# [Task directions]
From the data below, please reproduce exactly everything from the line that contains "Spirals between straight" down to the line that contains "See by Chloe", with both ends included.

# [Input material]
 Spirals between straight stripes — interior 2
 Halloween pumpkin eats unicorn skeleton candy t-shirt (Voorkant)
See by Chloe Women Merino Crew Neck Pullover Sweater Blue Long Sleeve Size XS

==

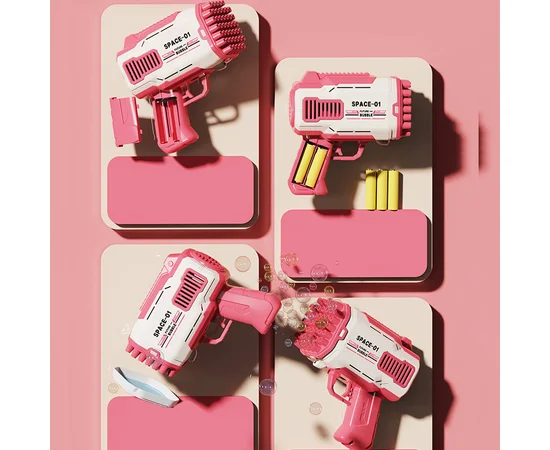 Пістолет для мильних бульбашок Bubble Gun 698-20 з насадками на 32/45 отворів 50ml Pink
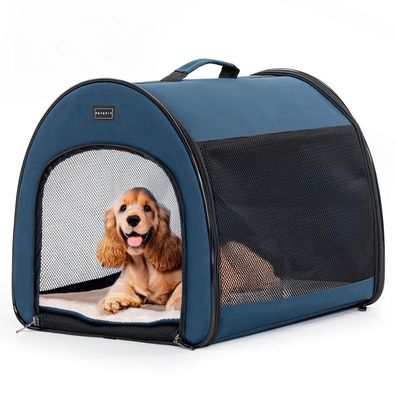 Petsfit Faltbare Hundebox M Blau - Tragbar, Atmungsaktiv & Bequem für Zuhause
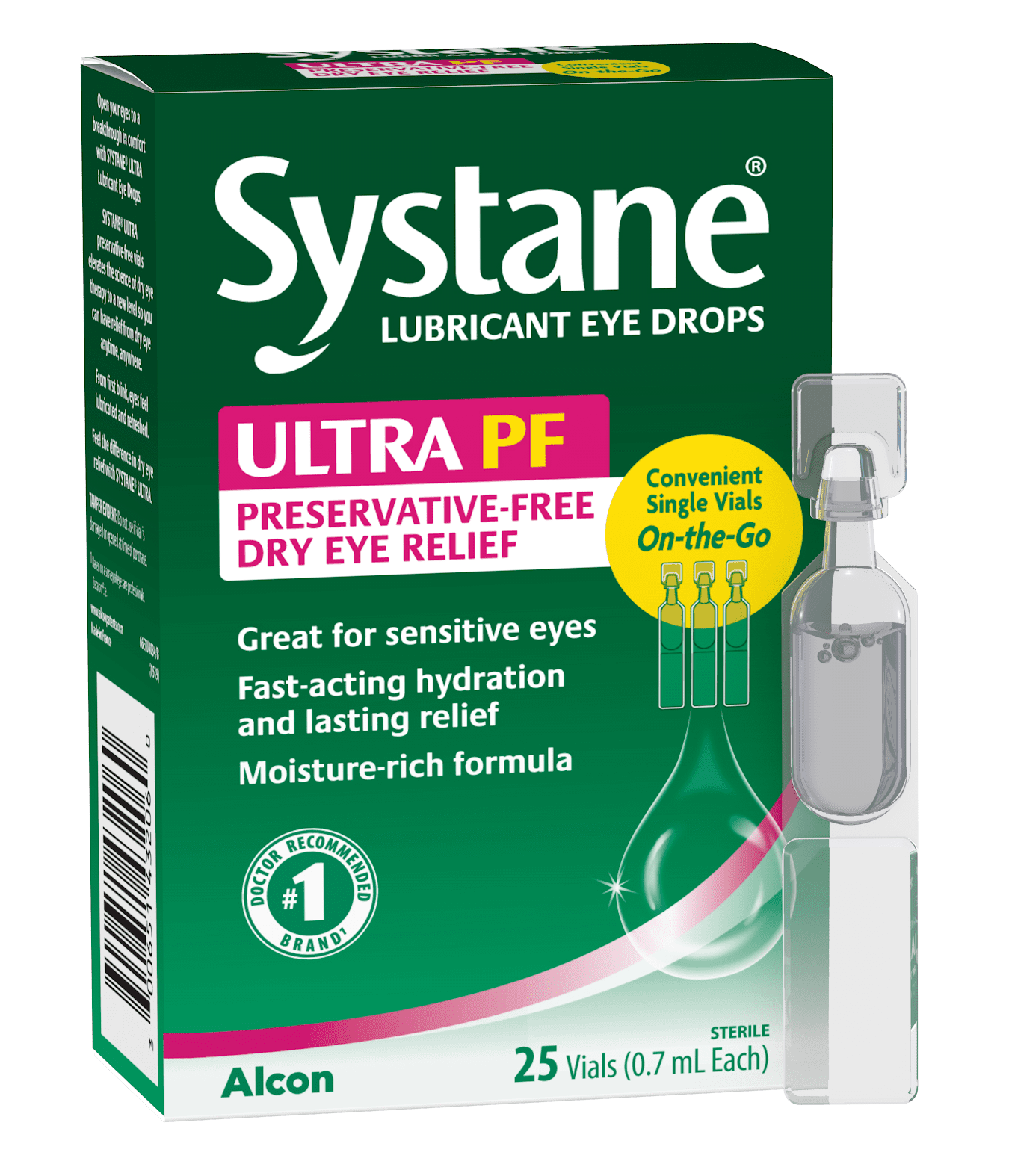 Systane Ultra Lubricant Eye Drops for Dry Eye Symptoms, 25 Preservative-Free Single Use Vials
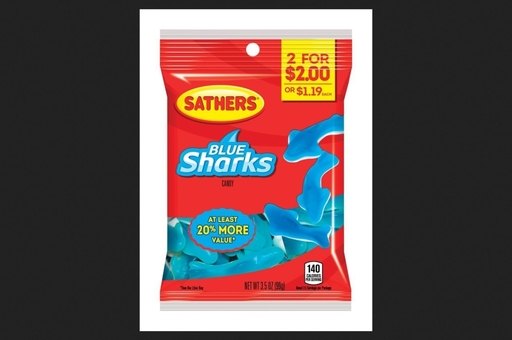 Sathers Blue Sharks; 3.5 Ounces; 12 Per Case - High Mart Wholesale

# [Solution to this task]
 Spirals between straight stripes — interior 2
 Halloween pumpkin eats unicorn skeleton candy t-shirt (Voorkant)
See by Chloe Women Merino Crew Neck Pullover Sweater Blue Long Sleeve Size XS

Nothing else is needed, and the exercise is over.